----- Provided material

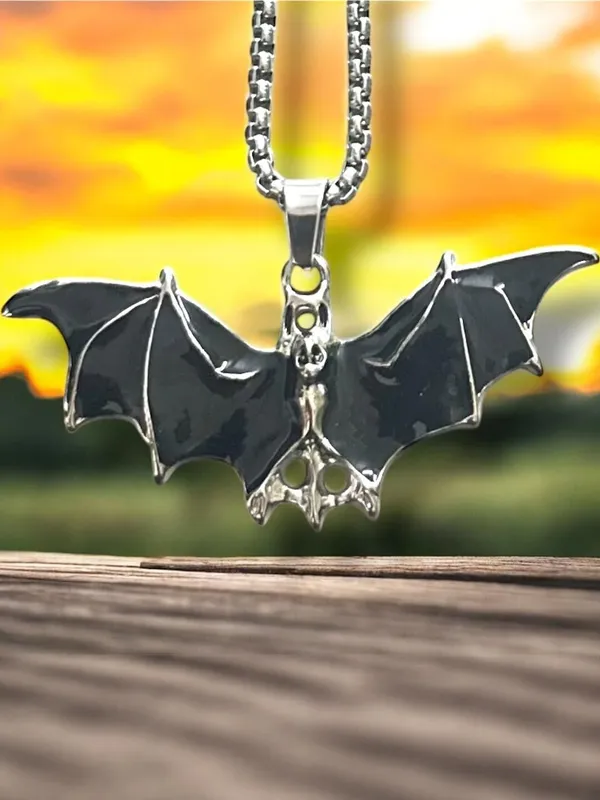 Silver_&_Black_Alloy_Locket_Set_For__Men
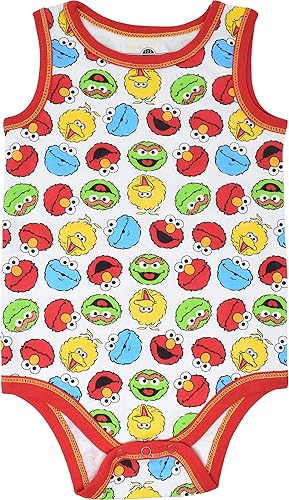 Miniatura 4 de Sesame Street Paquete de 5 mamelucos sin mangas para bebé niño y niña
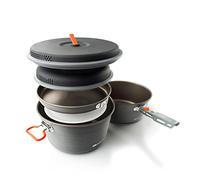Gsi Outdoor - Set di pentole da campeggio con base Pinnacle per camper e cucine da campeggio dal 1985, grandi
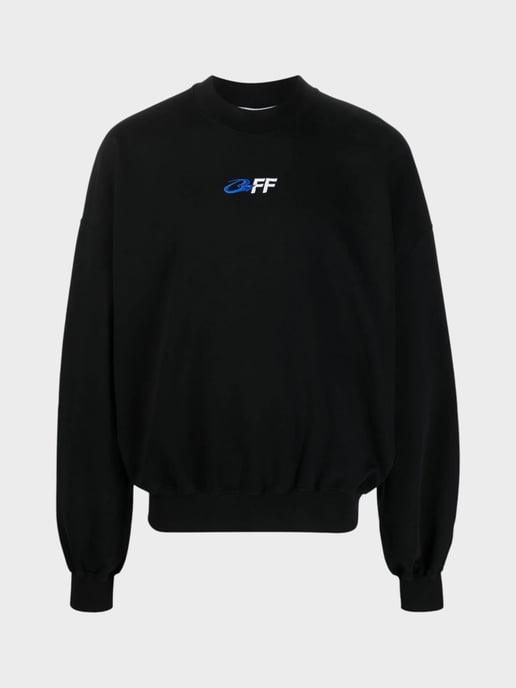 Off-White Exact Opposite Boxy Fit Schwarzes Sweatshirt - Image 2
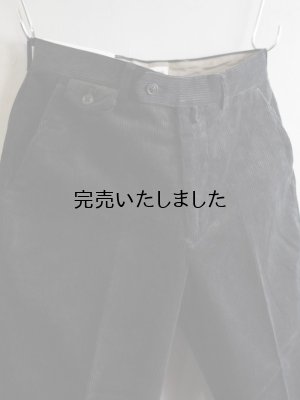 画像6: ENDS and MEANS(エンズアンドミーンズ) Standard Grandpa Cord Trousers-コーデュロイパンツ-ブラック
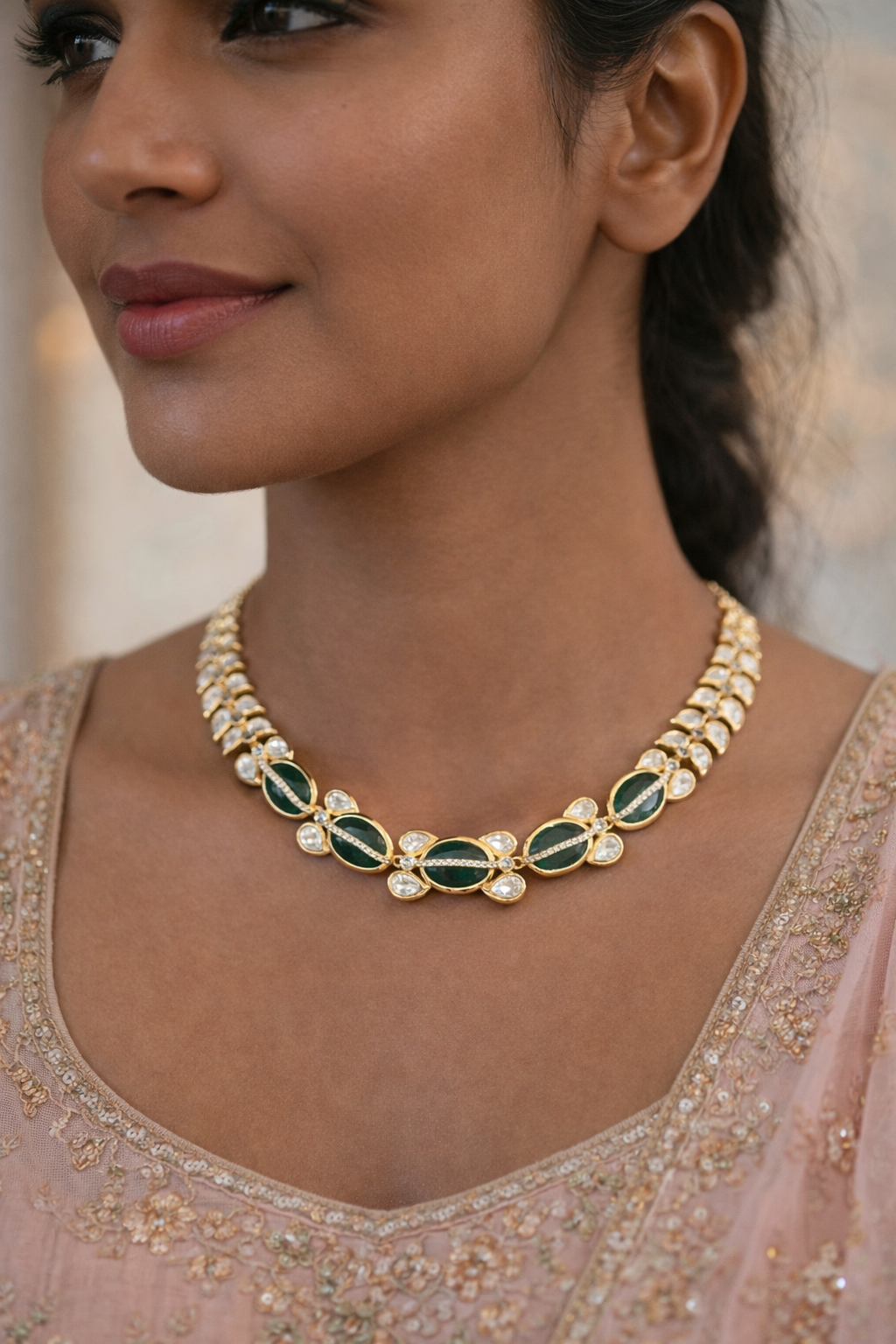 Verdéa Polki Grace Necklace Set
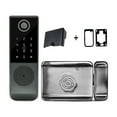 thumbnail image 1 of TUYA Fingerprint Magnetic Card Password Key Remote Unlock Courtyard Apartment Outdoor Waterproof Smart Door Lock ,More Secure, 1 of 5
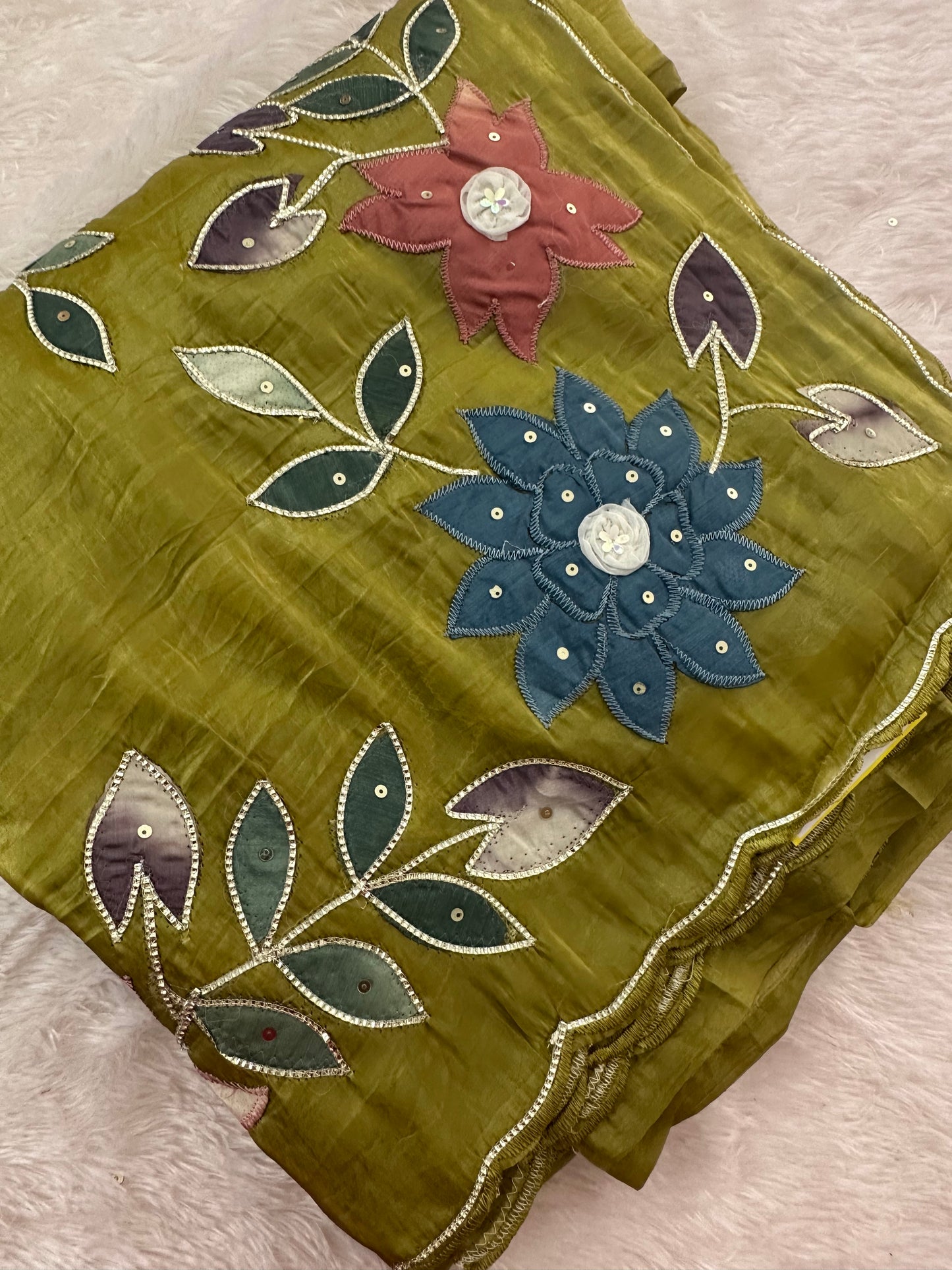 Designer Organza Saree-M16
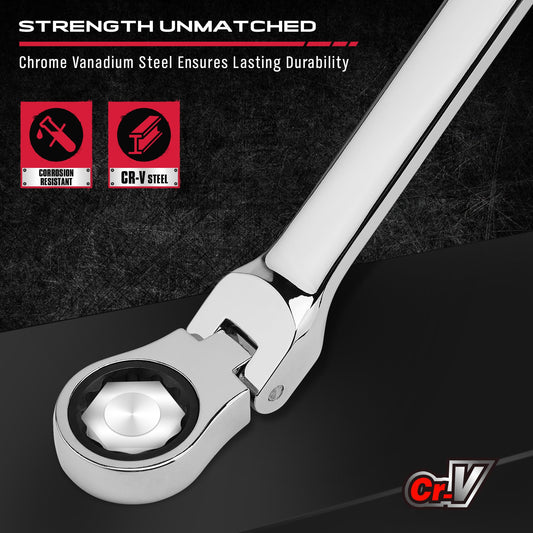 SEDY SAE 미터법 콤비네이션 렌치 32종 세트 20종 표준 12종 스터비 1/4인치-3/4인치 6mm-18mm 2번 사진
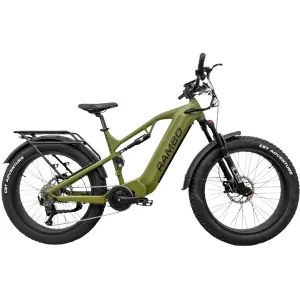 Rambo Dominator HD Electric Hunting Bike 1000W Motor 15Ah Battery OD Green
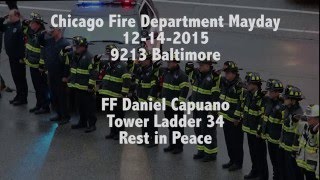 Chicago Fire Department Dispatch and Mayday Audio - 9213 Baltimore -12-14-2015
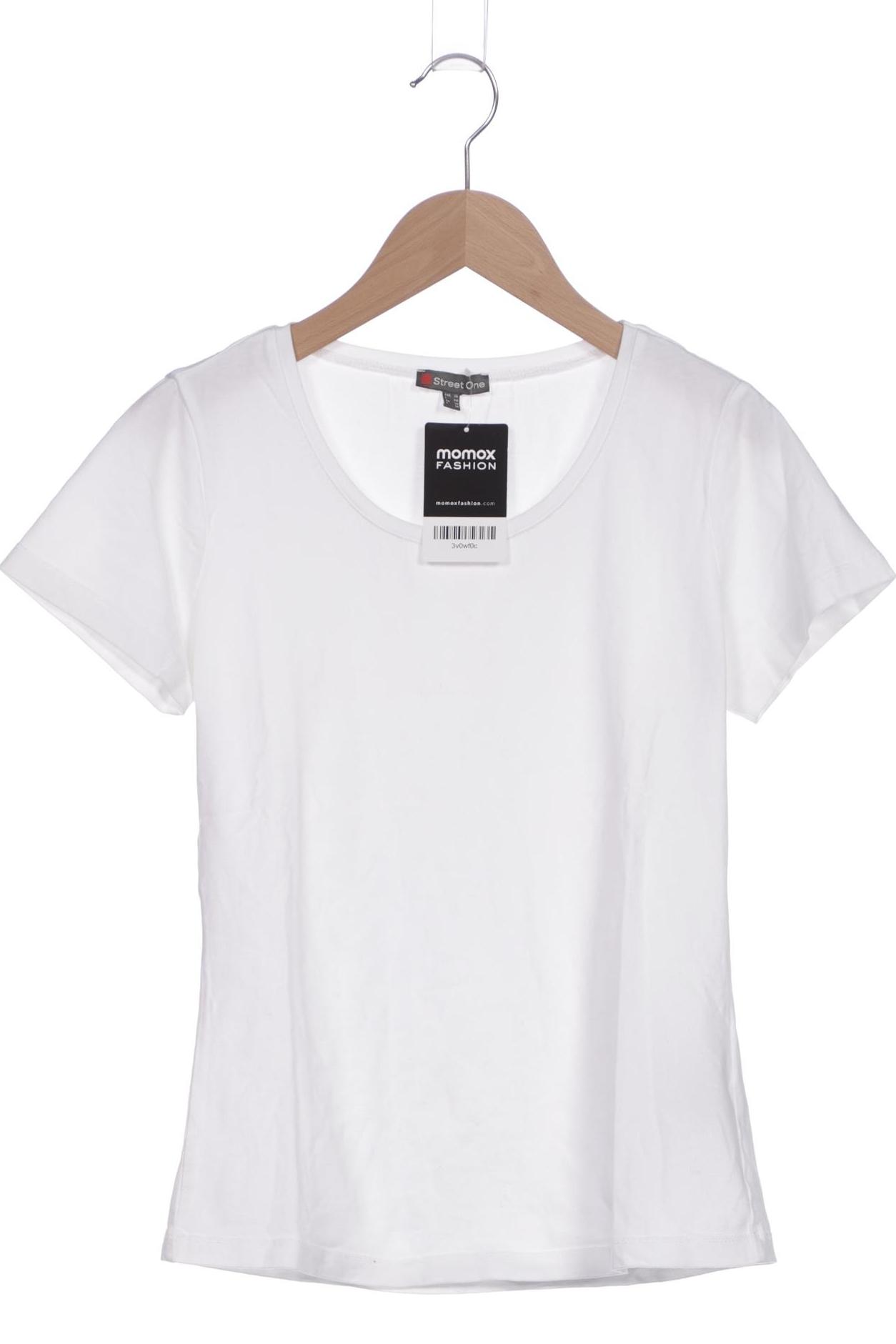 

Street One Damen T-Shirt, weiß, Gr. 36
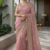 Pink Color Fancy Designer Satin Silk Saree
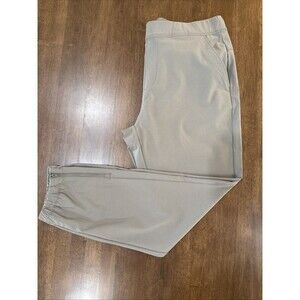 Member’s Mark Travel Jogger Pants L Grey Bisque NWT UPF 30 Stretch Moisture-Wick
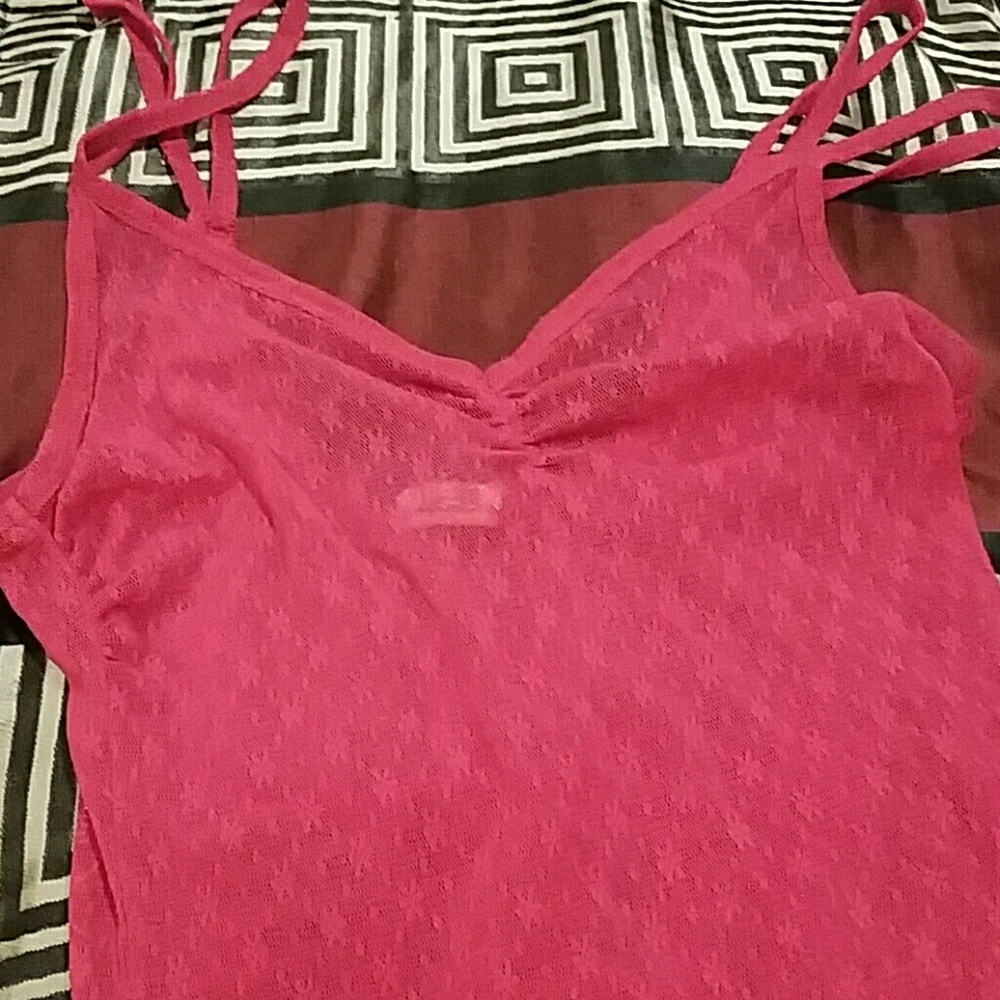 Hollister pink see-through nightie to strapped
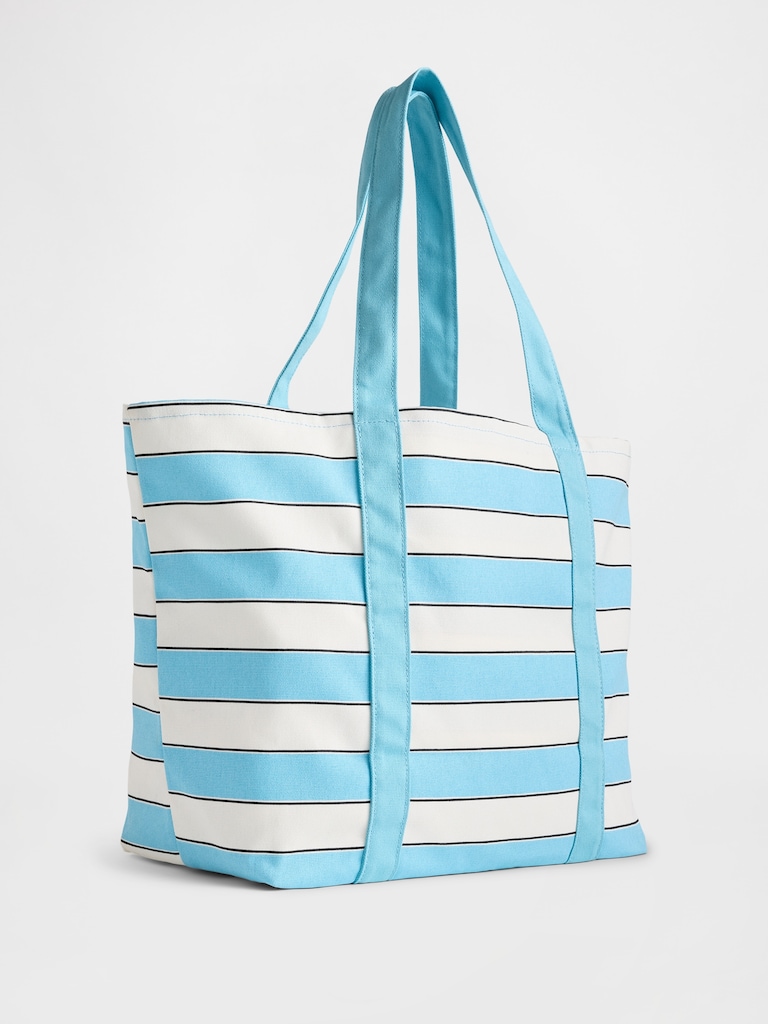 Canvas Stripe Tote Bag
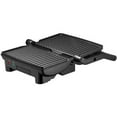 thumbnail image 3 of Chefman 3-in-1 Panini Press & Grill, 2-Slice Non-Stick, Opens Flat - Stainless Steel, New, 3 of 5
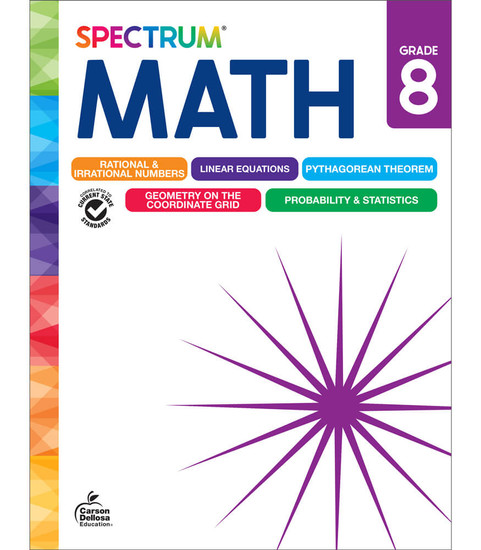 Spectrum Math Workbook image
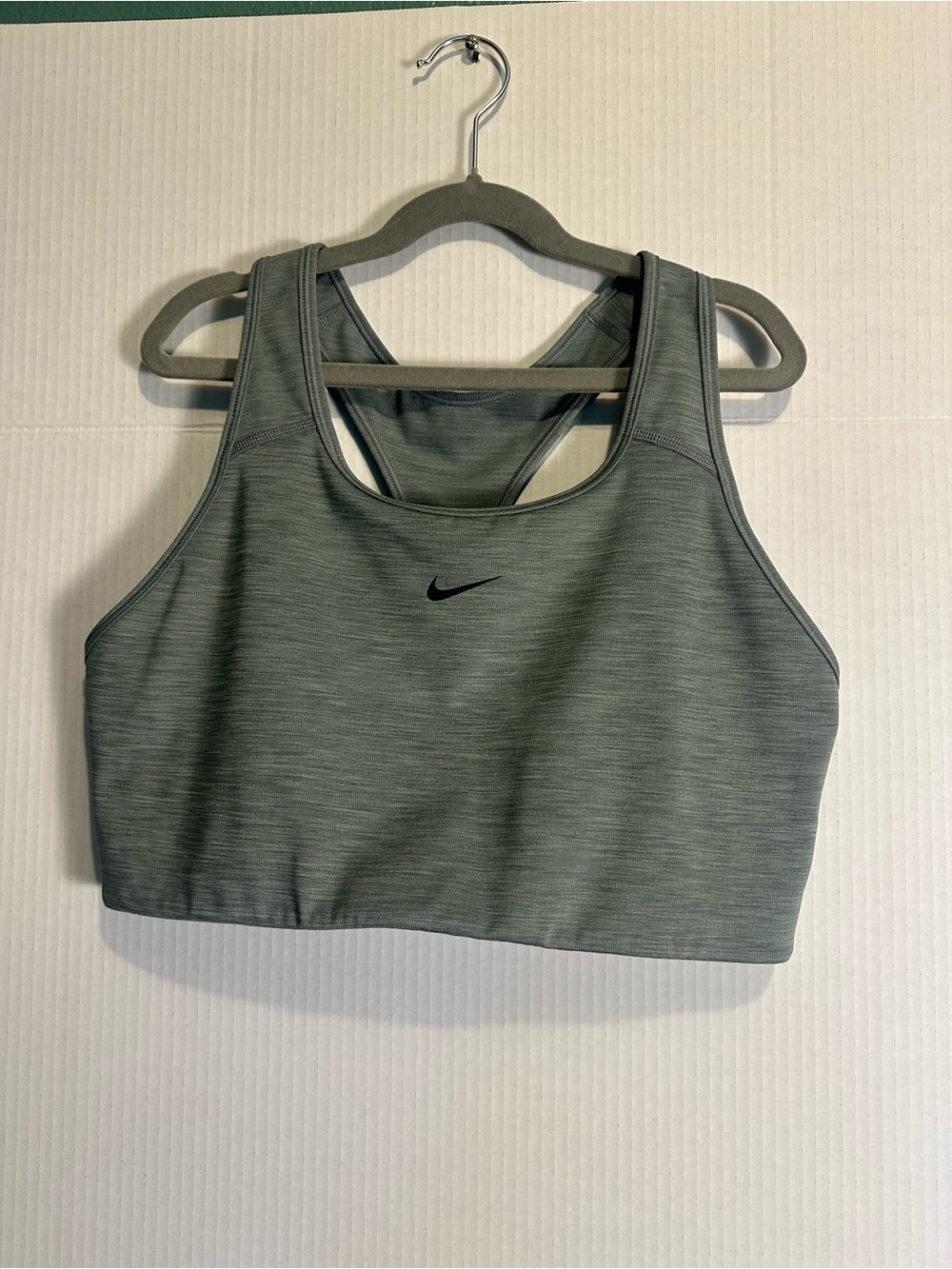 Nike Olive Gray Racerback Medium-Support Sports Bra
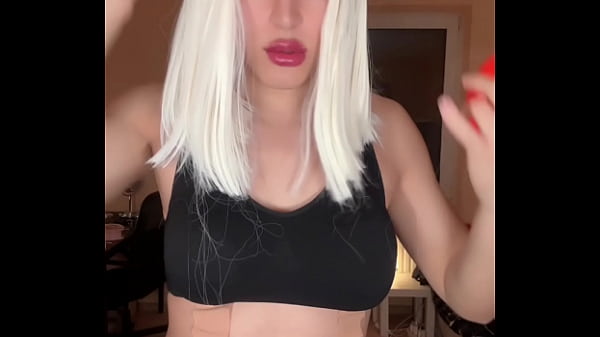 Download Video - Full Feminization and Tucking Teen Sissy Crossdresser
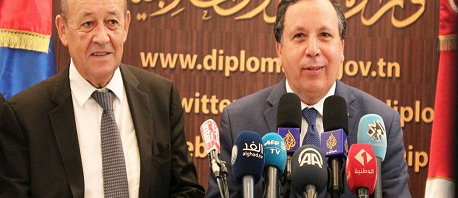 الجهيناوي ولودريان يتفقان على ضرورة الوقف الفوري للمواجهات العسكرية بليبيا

----------

Would you print the material exactly once more, without any of its pictures?

 Silver_&_Black_Alloy_Locket_Set_For__Men
 Miniatura 4 de Sesame Street Paquete de 5 mamelucos sin mangas para bebé niño y niña
Gsi Outdoor - Set di pentole da campeggio con base Pinnacle per camper e cucine da campeggio dal 1985, grandi
 Off-White Exact Opposite Boxy Fit Schwarzes Sweatshirt - Image 2
 画像6: ENDS and MEANS(エンズアンドミーンズ) Standard Grandpa Cord Trousers-コーデュロイパンツ-ブラック
 Verdéa Polki Grace Necklace Set
 thumbnail image 1 of TUYA Fingerprint Magnetic Card Password Key Remote Unlock Courtyard Apartment Outdoor Waterproof Smart Door Lock ,More Secure, 1 of 5
 Designer Organza Saree-M16
 SEDY SAE 미터법 콤비네이션 렌치 32종 세트 20종 표준 12종 스터비 1/4인치-3/4인치 6mm-18mm 2번 사진
 Rambo Dominator HD Electric Hunting Bike 1000W Motor 15Ah Battery OD Green
 Chicago Fire Department Dispatch and Mayday Audio - 9213 Baltimore -12-14-2015

Street One Damen T-Shirt, weiß, Gr. 36
 Pink Color Fancy Designer Satin Silk Saree
 Member’s Mark Travel Jogger Pants L Grey Bisque NWT UPF 30 Stretch Moisture-Wick
 Hollister pink see-through nightie to strapped
 Canvas Stripe Tote Bag
 thumbnail image 3 of Chefman 3-in-1 Panini Press & Grill, 2-Slice Non-Stick, Opens Flat - Stainless Steel, New, 3 of 5
 Spectrum Math Workbook image
 Nike Olive Gray Racerback Medium-Support Sports Bra
 Download Video - Full Feminization and Tucking Teen Sissy Crossdresser
 الجهيناوي ولودريان يتفقان على ضرورة الوقف الفوري للمواجهات العسكرية بليبيا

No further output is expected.